Environ 700 000 personnes vivent avec un trouble du spectre de l’autisme (TSA) en France, et chaque année près de 8 000 enfants naissent avec ce trouble. Cependant, le diagnostic n’est généralement établi qu’entre 4 et 6 ans, ce qui nuit à leur prise en charge précoce, rapporte TopTribune.
Le projet Pelargos, développé par B&A Biomedical, pourrait changer la donne. La startup affirme qu’en utilisant l’intelligence artificielle pour analyser les données des suivis en maternité et des premiers jours de vie, il devient possible d’identifier dès la naissance les nouveau-nés à risque de développer un TSA.

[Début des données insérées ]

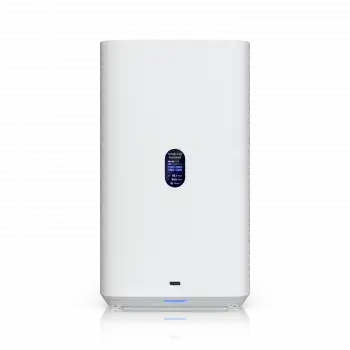 Ubiquiti UNAS-4-W (Beyaz) - UniFi 4 Diskli Ağ Veri Depolama (NAS) Cihazı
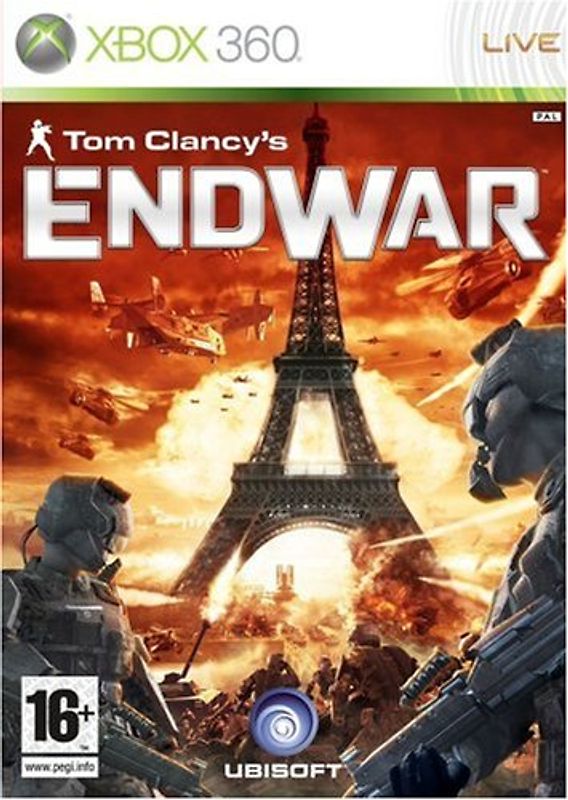 Tom Clancy´s Endwar [Internationale Version] Xbox 360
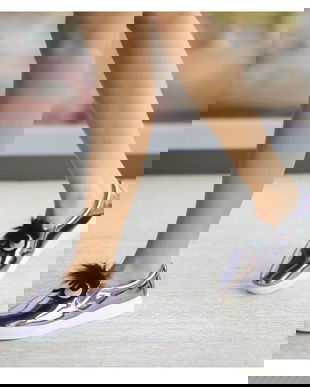 Espadrile Helty Argintii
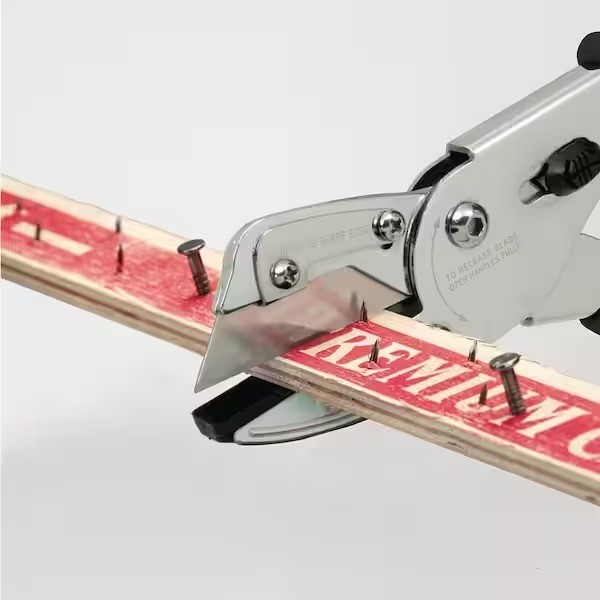 All-Purpose Utility Sharp Cutter for Hose Rope Leather Plastic Rubber Vinyl Tile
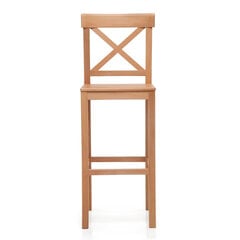 Tuoli, Asir, 40x112,5x42 cm, vaaleanruskea hinta ja tiedot | Ruokapöydän tuolit | hobbyhall.fi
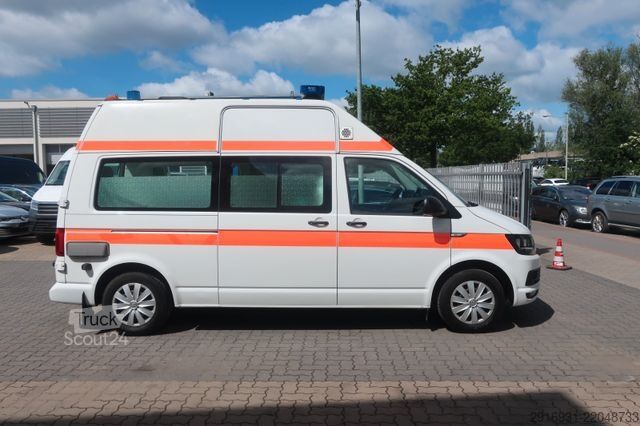 Camión de bomberos VOLKSWAGEN Nr. B93 T6 Hochdach lang/ KTW / Klima / DSG /SHZ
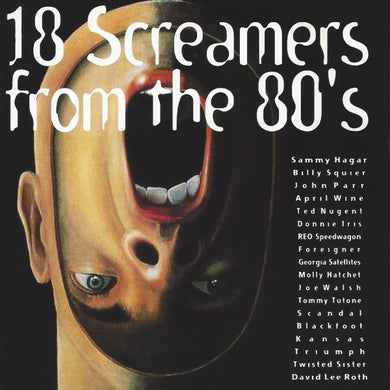 Various : 18 Screamers From The 80's (CD, Comp)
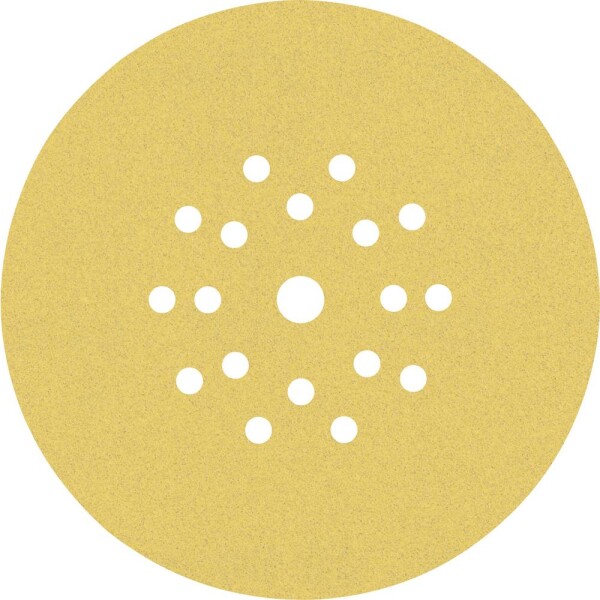 Bosch Accessories 2608901673 Brúsny papier pre brúsku na suché stavby Zrnitosť 120 (Ø) 225 mm 5 ks; 2608901673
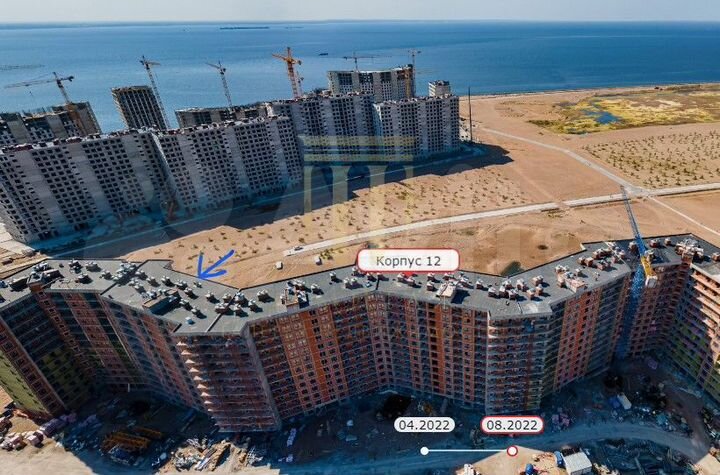 Квартира-студия, 23,2 м², 10/13 эт.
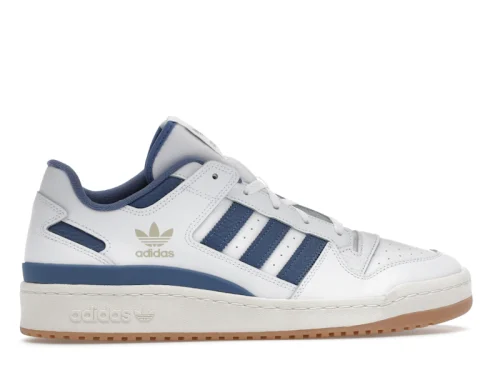Adidas Forum Low CL Cloud White Crew Blue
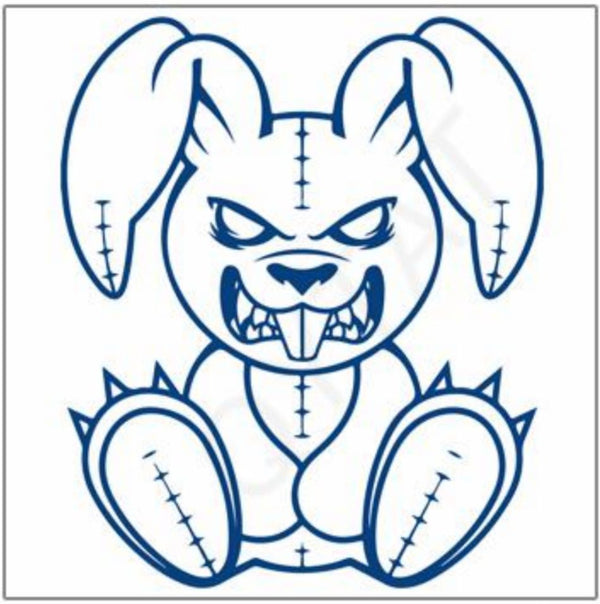 The 'Slipknot Bunny' Tattoo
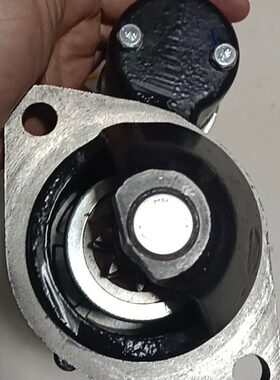 适用潍柴起动机马达1000035644B起动机QDJ2519A-P/J起动机马达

Une étude de 2021 publiée dans la revue Scientific Reports, en collaboration avec le CHU de Limoges, a démontré qu’il était possible de détecter près de 50 % des enfants à risque avec seulement 4 % de faux positifs. Les chercheurs ont comparé les données échographiques et biologiques recueillies lors de la grossesse et de l’accouchement de nourrissons ultérieurement diagnostiqués avec un TSA à celles de nourrissons sans diagnostic ultérieur.
Des biomarqueurs identifiés et un algorithme mis au point
Grâce à l’analyse de ces données, l’intelligence artificielle a pu identifier plusieurs biomarqueurs liés aux TSA : sexe, antécédents familiaux maternels de maladies auto-immunes, vaccination maternelle contre le cytomégalovirus (CMV), taux d’IgG anti-CMV, moment de la rotation de la tête fœtale, longueur du fémur au troisième trimestre, nombre de globules blancs au troisième trimestre, rythme cardiaque fœtal durant le travail, alimentation du nouveau-né et différence de température entre la naissance et le lendemain. Notamment, il a été observé que 38 % des bébés à risque de TSA avaient un périmètre crânien fœtal significativement plus important que celui des bébés du même âge, selon la mesure de la clarté nucale.
Le projet vise maintenant à valider ce modèle à grande échelle, avec la participation de cinq CHU : le CHU Grenoble-Alpes, le Centre Hospitalier Eure Seine, L’Hôpital La Musse, le Nouvel Hôpital de Navarre et le CHU de Rouen-Normandie. L’objectif est de collecter des données sur 2 000 enfants (1 000 avec un TSA et 1 000 neurotypiques) afin d’affiner l’algorithme et d’atteindre un taux de détection de 60 à 70 %.
Profiter le plus tôt possible de la plasticité cérébrale
Actuellement, les enfants sont souvent diagnostiqués entre 4 et 6 ans. Cependant, la Haute Autorité de Santé (HAS) souligne qu’un diagnostic précoce à 18 mois pourrait considérablement améliorer leur développement. Le projet Pelargos pourrait également permettre un dépistage encore plus précoce, offrant ainsi plusieurs avantages :
- Faciliter et anticiper le diagnostic ;
- Initier les thérapies psycho-éducatives dès 2-3 ans, au moment crucial de la plasticité cérébrale ;
- Améliorer durablement la qualité de vie et l’autonomie des personnes concernées ;
- Ouvrir de nouvelles pistes de recherche sur les origines de ces troubles ;
- Identifier de nouvelles cibles thérapeutiques potentielles en repérant les biomarqueurs décisifs.